Jika hal ini kita kaitkan dengan pemerintahan kita saat ini maka yang memiliki kewenangan dalam masalah di atas adalah Dewan Perwakilan Rakyat. Lemabaga ini adalah lembaga yang mengurusi Undang-Undang dan hukum yang relevan dengan situasi untuk kemaslahatan hidup manusia dan sekaligus mengawasi pelaksanaan hukum tersebut. Sedangkan dalam sebuah negara Islam yang berwenang dalam hal ini adalah Majlis Tanfidz, yang mana di dalamnya di duduki oleh para mujtahid dan ulama fatwa. Dalam masalah ini kewenangannya tidak lepas dari dua perkara, yaitu : 1) jika perkara yang dinisbatkan ada nasnya, maka tugas mereka adalah memahami nas dan menjelaskan hukum yang ditunjukkannya.2) jika suatu perkara tidak ada nasnya, maka tugas mereka adalah menganalogikan dengan perkara yang ada nasnya, dan mengistinbatkan hukum dengan jalan ijtihad serta mencari sebab dan menelitinya. Hal ini dikarenakan dalam pemerintahan Islam mempunyai undang-undang pokok dari Tuhan yang disyariatkan Allah SWT didalam Al-Qur’an dan Hadis. Maka apabila di dalam suatu undang-undang terdapat nas, maka wajib diikuti. Dan tugas para ulama adalah membahas dan mengetahui hukum yang dimaksud oleh isi kandungan nas tersebut, sehingga aplikasi hukum menjadi benar. Apabila didalam suatu unadang-undang tidak ada nas, maka para Mujthid (ahli hukum) tersebut harus berijtihad dan beristinbat hal ini sebagai dasar undang-undang. Selanjutnya para Mujtahid tersebut tinggal menetapkan hukum terhadap perkara yang ada nasnya.
Setiap pemerintahan Islam Pada setiap masa pasti membutuhkan segolongan Ulama’ ahli ijtihad yang memenuhi syarat dan berkemampuan sempurna dalam memahami nas dasar undang-undang Tuhan dan peranannya. Selain itu harus pula menguasai ketetapan hukum terhadap masalah dan persoalan baru yang muncul tentang kemaslahatan dan kebutuhan manusia.4
Tasyri’iyah (lembaga legislatif) dalam suatu negara Islam juga memiliki sejumlah fungsi lain yang harus dilakukan, yaitu:
Jika terdapat pedoman-pedoman yang jelas dari Tuhan dan Rasul-Nya., meskipun legislatif tidak dapat mengubah atau menggantinya, namun demikian dalam hal ini hanya legislatiflah yang lebih berkompoten untuk menegakkannya dalam susunan dan bentuk pasal demi pasal, dengan menggunakan defenisi-defenisi yang relevan serta rincian-rinciannya, juga menciptakan peraturan-peraturan dan undang-undang untuk mengundangkannya.
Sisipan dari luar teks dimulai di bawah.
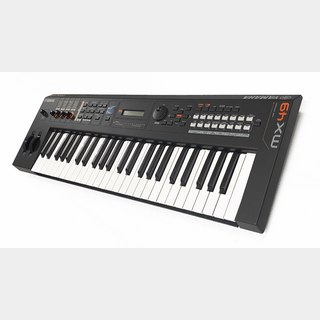 YAMAHA、MX49の検索結果【楽器検索デジマート】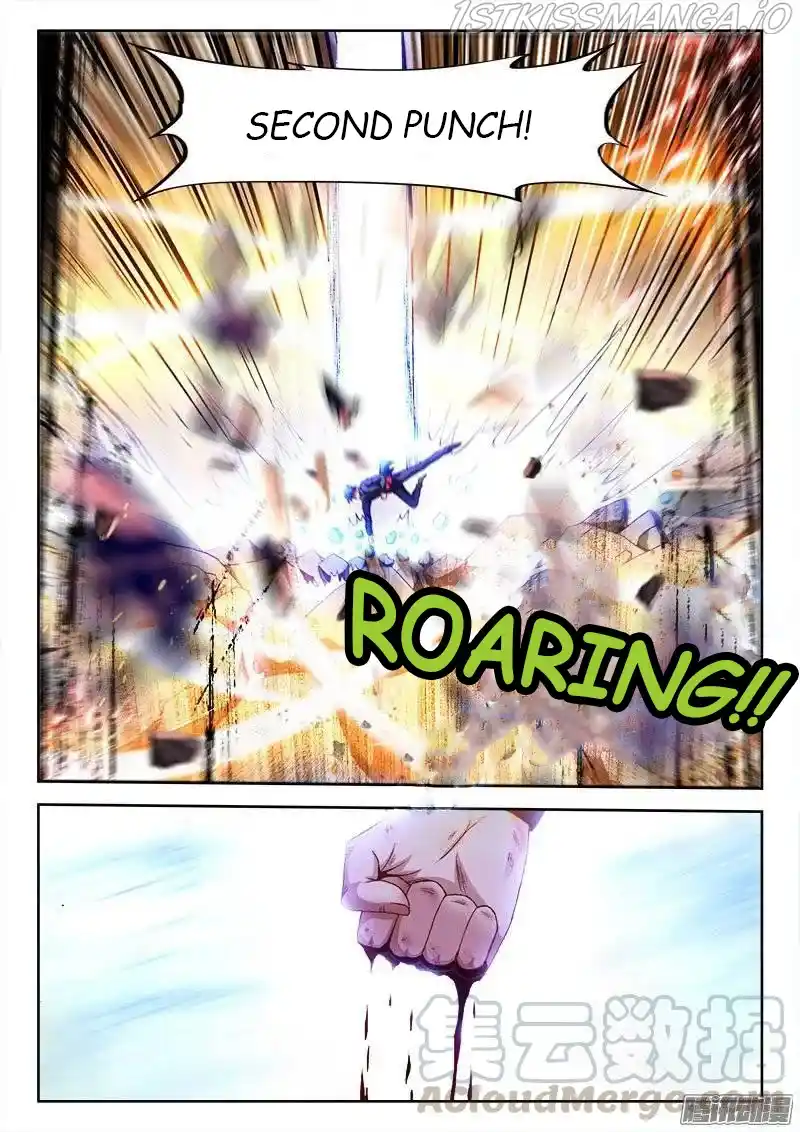 My Cultivator Girlfriend Chapter 254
Jika pedoman-pedoman dalam Al-Qur’an dan As-Sunnah mempunyai kemungkinan interpretasi(pendapat) lebih dari satu, maka legislatiflah yang berhak memutuskan penafsiran mana yang harus ditempatkan dalam kitab Undang-undang dasar. Untuk tujuan ini tidak ada tawar menawar lagi yang mana bahwa Tasyri’iyah (lembaga legislatif) harus beranggotakan kumpulan orang-orang terpelajar yang memiliki kemampuan serta kapasitas untuk menafsirkan perintah-perintah Al-Qur’an dan dalam memberikan berbagai keputusan tidak akan melepaskan diri dari jiwa atau isi syari’ah itu sendiri. Pada dasarnya, harus di akui bahwa untuk tujuan perundang-undangan, suatu lembaga legislatif (Tasyri’iyah) harus memiliki kewenangan untuk memberikan fatwa mengenai penafsiran mana yang harus lebih dipilih dan untuk menegakkan penafsiran yang dipilihnya sebagai hukum, kecuali bahwa penafsiran itu hanya satu dan bukan merupakan pelanggaran atau penyimpangan semua dari hukum itu sendiri.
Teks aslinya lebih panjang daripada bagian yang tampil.